On C, how much you pay for a view is not a constant though. It depends a lot on organic views. And I think boosting videos is a sensible strategy since you put $ into both production costs (time, equipment, etc.) and advertisement. FIguring out how to spend that money efficiently is important.
On 3, many other people were mentioned. In fact, I found a couple of creators this way. But yes, it was extremely striking and thus suggested that this was a very important factor in the analysis. I want to stress that I do in fact, think that this matters a lot. When Austin and I were speaking and relying on comparisons, we thought his quality numbers should be much higher in fact, we toned it down though maybe we shouldn’t have.
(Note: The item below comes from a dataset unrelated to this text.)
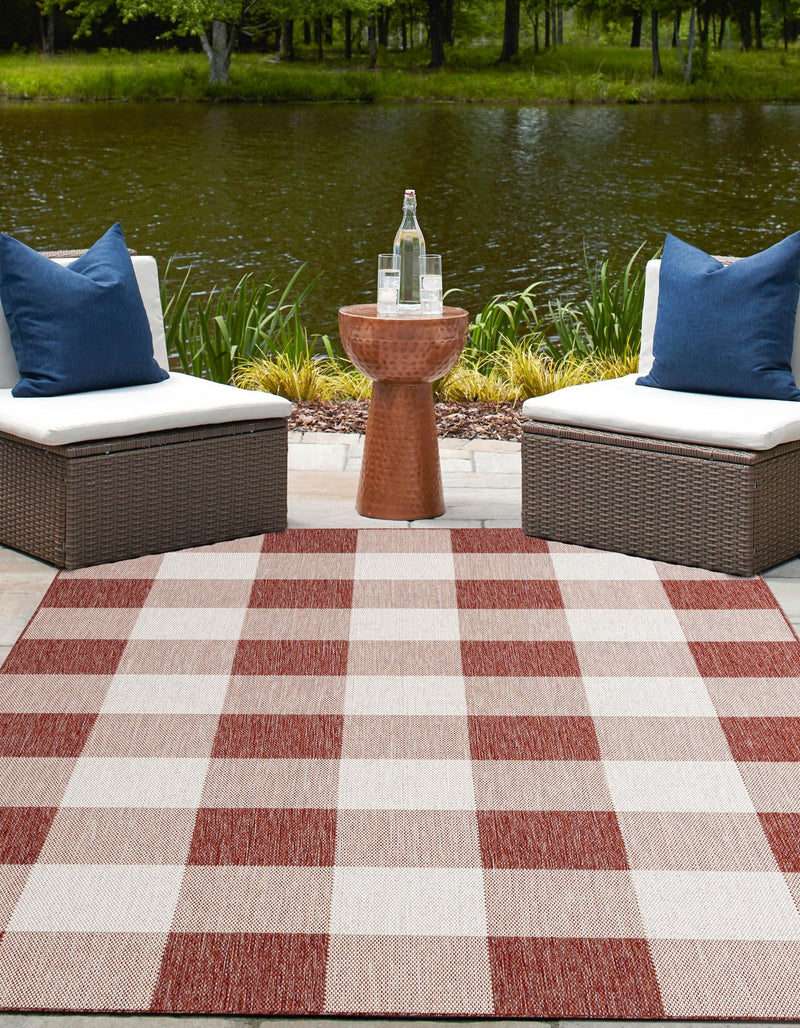 Patio Plaid Collection Area Rug - Veranda Rectangle Red  lifestyle 7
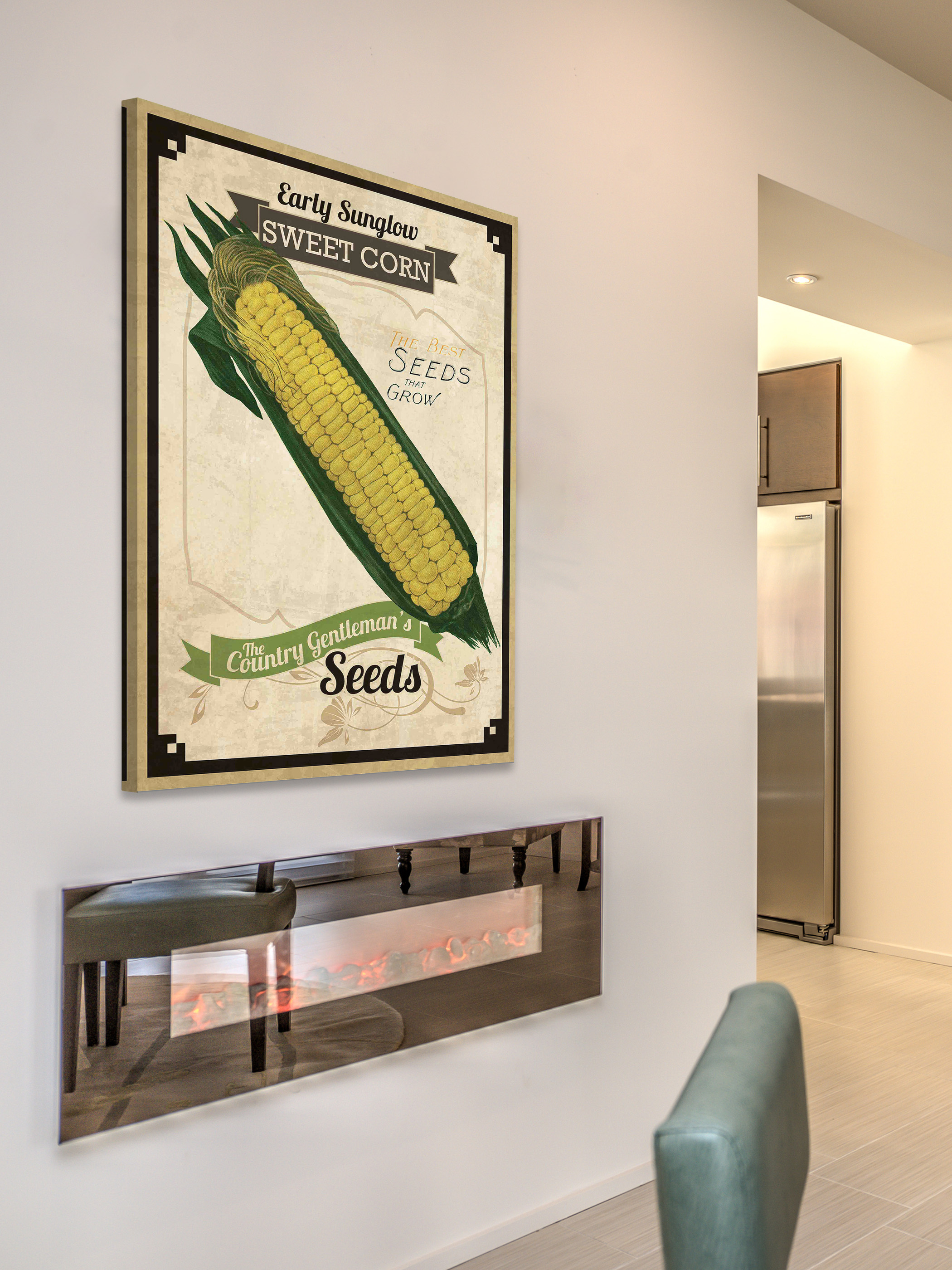 "Seed Packet Corn" Painting Print on Wrapped Canvas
To give clarity, I didn’t seek people out who worked in AI safety. Here’s what I did to the best of my recollection.
Over the course of 3 days, I asked anyone I saw in Mox who seemed friendly enough, as well as Taco Tuesday, and sent a few DMs to acquaintances. The DMs I sent were to people who work in AI safety, but there were only 4. So ~46 came from people hanging out around Mox and Taco Tuesday.
I will grant that this lends to an SF/AI safety bias. Now, Rob Miles’ audience comes heavily from Computerphile and such whose audience is largely young people interested in STEM who like to grapple with interesting academic-y problems in their spare time (outside of school). In other words, this is an audience that we care a lot about reaching. It’s hard to overstate the possible variance in audience “quality”. For example, Jane Street pays millions to advertisers to get itself seen in front of potential traders on channels like Stand-Up Maths or the Dwarkesh podcast. These channels don’t actually get that many views compared to others but they have a very high “audience quality”, clearly, based on how much trading firms are willing to pay to advertise there. We actually thought a decent, though imperfect, metric for audience quality would just be a person’s income compared to the world average of ~12k. This meant the average american would have an audience quality of 7. Austin and I thought this might be a bit too controversial and doesn’t capture exaxctly what we mean (we care about attracking a poor MIT CS student more than a mid-level real estate developer in Miami) but it’s a decent approximation.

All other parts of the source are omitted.